[Your task] Pictures in the listing below are skipped, while the lines from the "michel bbw online show from 3, 2, 2026" line through the "Kit d'enfumoir à" line are returned word for word.

[Task input]
○ ○ ○ ○

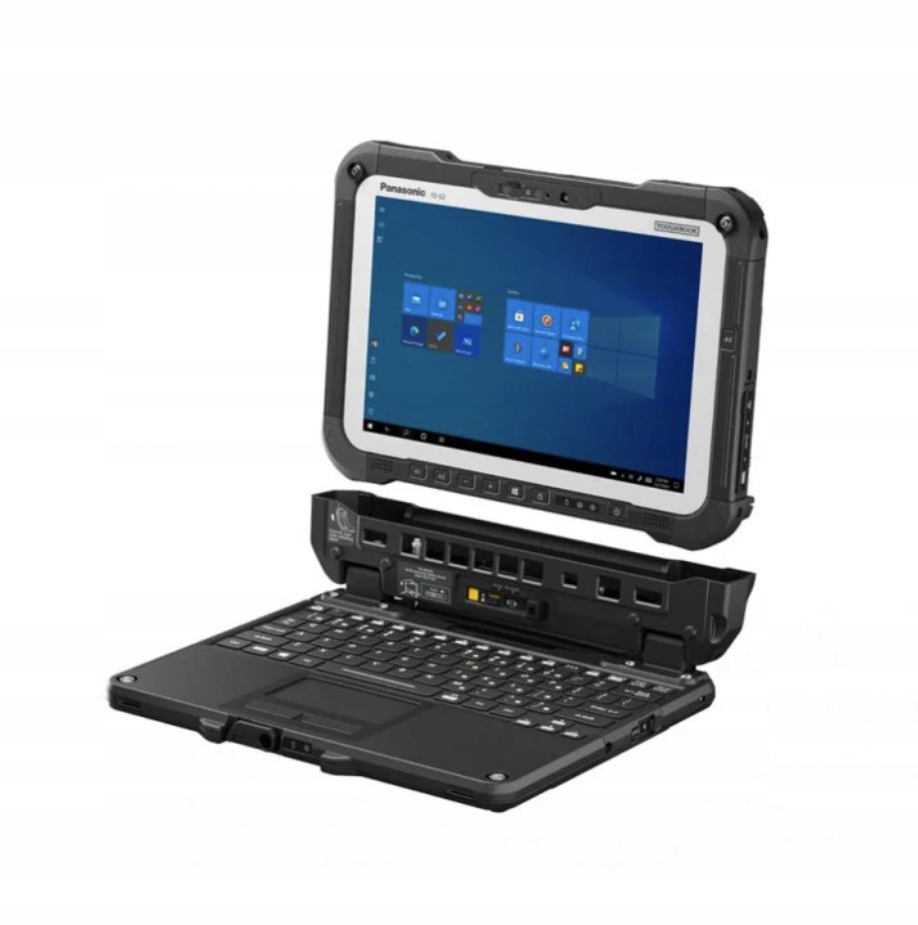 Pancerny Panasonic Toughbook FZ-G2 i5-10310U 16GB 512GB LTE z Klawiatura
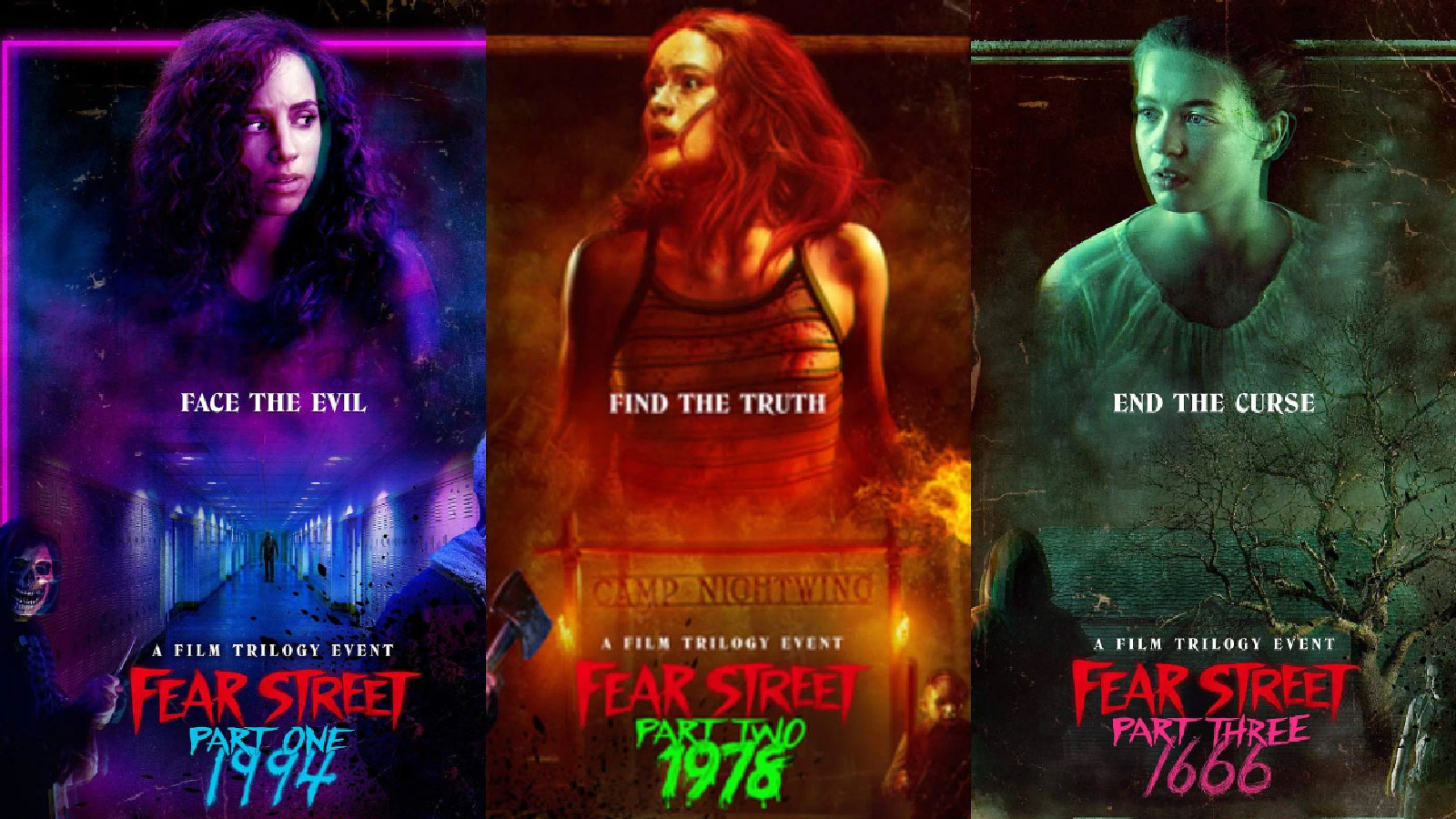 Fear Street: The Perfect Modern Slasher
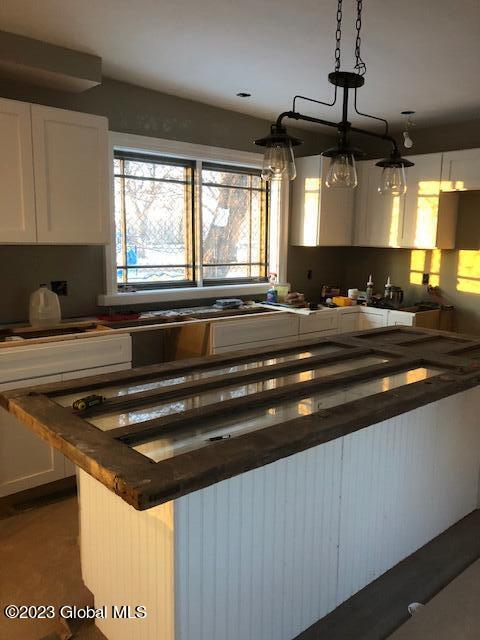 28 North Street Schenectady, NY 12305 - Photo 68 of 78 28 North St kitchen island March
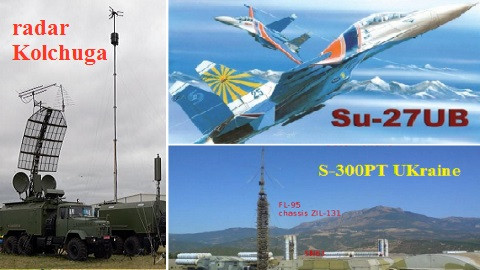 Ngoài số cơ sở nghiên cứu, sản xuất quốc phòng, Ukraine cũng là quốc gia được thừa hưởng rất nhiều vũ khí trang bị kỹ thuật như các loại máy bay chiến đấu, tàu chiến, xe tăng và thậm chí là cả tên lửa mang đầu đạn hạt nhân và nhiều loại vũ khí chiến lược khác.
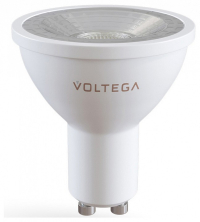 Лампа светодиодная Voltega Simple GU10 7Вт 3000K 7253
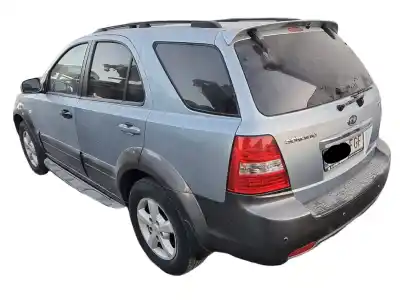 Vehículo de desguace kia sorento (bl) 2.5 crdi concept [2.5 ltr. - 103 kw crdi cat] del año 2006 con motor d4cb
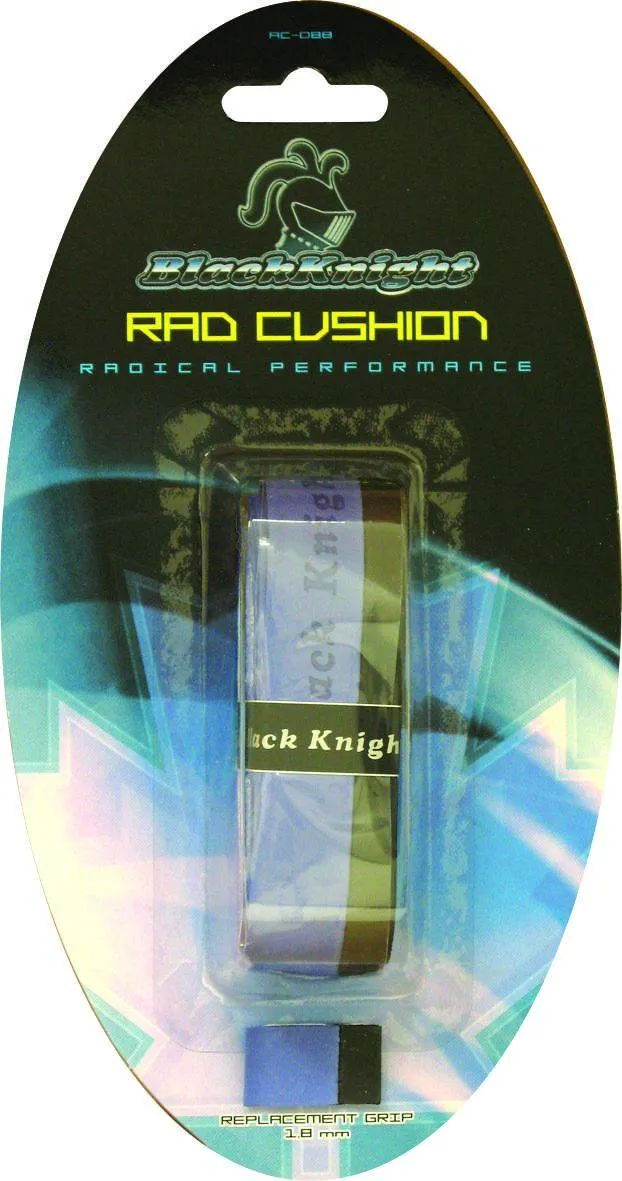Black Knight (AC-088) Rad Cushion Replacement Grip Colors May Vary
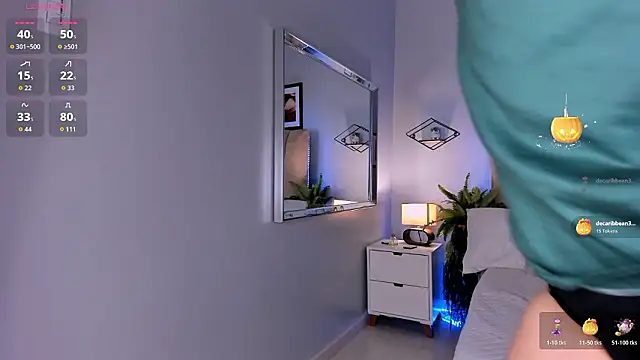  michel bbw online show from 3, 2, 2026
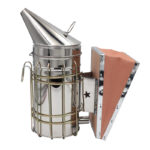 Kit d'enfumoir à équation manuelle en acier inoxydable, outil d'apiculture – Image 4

○ ○ ○ ○

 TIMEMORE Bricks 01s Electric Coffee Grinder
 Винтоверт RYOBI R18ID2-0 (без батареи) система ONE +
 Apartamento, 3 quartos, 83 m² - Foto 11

○ ○ ○ ○

[Reply]
  michel bbw online show from 3, 2, 2026
 Kit d'enfumoir à équation manuelle en acier inoxydable, outil d'apiculture – Image 4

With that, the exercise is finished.